Figure 10: Coefficient of passive earth pressure with different backfill inclined angle (Rankine’s results with Coulomb results).
Figure 11: Coefficient of active earth pressure with different backfill inclined angle (Rankine’s results with slip line results).
Figure 12:
${\sigma}_{v}/\gamma H$
with different slope angle
$\beta $
for passive pressure slip line solution when δ=β.

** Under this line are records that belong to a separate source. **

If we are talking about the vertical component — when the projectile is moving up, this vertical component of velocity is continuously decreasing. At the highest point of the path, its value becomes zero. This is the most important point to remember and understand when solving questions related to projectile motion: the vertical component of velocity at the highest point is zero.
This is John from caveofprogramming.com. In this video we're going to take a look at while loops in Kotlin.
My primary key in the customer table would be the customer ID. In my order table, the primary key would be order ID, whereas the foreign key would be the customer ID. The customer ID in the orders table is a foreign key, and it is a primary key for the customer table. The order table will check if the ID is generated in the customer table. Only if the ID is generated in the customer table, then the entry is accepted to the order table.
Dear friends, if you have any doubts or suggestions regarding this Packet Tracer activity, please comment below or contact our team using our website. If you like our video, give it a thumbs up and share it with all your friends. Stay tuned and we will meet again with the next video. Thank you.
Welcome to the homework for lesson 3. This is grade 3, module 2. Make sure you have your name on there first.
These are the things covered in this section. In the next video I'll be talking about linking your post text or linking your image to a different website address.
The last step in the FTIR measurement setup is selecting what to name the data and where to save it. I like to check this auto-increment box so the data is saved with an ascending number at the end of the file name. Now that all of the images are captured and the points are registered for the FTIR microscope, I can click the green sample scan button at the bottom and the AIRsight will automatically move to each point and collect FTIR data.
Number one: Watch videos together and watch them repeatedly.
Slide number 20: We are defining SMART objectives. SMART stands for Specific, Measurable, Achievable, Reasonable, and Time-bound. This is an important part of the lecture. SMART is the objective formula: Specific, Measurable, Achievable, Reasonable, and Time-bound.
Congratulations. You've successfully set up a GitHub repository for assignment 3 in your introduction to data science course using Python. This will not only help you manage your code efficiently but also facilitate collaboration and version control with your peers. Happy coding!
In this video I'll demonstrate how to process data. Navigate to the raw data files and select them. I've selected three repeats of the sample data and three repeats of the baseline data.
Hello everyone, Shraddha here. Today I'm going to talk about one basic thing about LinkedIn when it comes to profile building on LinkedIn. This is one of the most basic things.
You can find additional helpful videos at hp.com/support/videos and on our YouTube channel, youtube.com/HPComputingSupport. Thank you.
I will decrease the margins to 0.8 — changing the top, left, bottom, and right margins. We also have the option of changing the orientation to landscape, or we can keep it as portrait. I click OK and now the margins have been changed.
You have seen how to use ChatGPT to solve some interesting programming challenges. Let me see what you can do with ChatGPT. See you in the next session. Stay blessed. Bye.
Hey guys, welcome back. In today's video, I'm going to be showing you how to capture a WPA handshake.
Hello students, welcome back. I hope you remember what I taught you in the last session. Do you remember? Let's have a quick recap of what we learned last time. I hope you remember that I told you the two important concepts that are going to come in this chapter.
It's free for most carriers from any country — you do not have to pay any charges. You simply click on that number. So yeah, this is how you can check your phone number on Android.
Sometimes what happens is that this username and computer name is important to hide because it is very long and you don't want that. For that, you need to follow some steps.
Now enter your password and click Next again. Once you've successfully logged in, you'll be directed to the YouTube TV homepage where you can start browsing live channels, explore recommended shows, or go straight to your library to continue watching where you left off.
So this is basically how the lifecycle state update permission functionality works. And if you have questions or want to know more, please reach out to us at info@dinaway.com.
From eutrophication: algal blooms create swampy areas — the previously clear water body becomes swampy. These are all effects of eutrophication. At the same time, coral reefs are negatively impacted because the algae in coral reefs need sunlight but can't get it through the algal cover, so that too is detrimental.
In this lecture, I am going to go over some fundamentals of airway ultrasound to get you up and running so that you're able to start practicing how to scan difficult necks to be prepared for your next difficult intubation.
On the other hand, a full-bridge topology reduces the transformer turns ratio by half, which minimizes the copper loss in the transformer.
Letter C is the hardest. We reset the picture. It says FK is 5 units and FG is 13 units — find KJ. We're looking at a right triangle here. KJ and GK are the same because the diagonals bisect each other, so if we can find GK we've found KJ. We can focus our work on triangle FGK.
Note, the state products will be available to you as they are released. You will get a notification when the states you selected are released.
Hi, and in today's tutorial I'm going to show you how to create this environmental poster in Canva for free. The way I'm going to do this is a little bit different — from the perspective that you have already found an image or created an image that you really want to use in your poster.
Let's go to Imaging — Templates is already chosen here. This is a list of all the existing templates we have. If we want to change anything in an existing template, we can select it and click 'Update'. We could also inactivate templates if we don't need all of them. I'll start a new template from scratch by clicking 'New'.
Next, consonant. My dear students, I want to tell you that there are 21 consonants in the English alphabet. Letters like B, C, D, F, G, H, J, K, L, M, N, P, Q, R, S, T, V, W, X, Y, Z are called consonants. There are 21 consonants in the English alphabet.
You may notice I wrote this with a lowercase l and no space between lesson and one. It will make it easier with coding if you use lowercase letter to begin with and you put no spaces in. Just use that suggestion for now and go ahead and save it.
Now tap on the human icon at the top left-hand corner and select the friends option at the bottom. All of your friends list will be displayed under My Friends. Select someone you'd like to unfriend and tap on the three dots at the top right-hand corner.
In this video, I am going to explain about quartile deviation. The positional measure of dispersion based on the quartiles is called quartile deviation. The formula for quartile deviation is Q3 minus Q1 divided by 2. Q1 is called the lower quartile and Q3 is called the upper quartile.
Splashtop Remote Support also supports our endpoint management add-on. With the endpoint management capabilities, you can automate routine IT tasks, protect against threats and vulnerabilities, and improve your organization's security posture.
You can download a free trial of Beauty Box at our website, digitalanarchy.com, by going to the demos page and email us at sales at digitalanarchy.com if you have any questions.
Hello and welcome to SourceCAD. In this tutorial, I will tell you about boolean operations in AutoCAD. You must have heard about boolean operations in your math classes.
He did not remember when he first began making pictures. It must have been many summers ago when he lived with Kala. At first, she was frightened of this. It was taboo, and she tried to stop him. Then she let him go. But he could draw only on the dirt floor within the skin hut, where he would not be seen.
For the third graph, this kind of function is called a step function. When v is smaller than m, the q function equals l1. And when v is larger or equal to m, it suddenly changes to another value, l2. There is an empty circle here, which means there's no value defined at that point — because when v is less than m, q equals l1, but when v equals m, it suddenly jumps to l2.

In this paper, the slip line method has been used to study the Rankine’s earth pressure coefficients with inclined backfill. The use of this plasticity based method can overcome the basic limitations in the Rankine’s original assumptions on lateral earth pressure. From the above analysis, it can be concluded as follow:
The differences between the Rankine’s active earth pressure, Coulomb’s earth pressure and the slip line solutions are small for β < 2/3
$\varphi $
. When β > 2/3
$\varphi $
, the differences between the three values are relatively major and the Rankine’s active earth pressure is conservative for design. The two major problems of the Rankine’s active pressure is that the direction of active pressure is not parallel to backfill ground line for δ=0 and the base vertical stress is not equal to γH when δ=β (close to the wall). In fact, the direction of the active earth pressure should be determined by the wall friction which in controlled by the soil and the retaining wall and is practically independent of the slope angle of backfill. Active earth pressure is generally not sensitive to wall friction and it is found that Rankine’s active earth pressure equation should not adopted for δ>2/3
$\varphi $
.
Rankine’s passive earth pressure value is good only for horizontal backfill. Other than this condition, equation (5) is a very poor solution to the passive pressure. Rankine’s passive pressure decreases with slope angle of backfill ground which is obviously wrong. Furthermore, Rankine’s passive earth pressure value is much smaller than Coulomb’s passive earth pressure value and slip line passive earth pressure. The two major problems of the Rankine’s active pressure is that the direction of active pressure is not parallel to backfill ground line for δ=0 and the base stress is not equal to γH when δ=β. In fact, Rankine’s passive pressure is equivalent to δ=β and this is physically unacceptable. The direction of passive earth pressure is parallel to the ground line only at distance far away from the retaining wall for δ=0 or δ=β. The problem with Rankine’s passive pressure is major and is not recommended for use except for level backfill.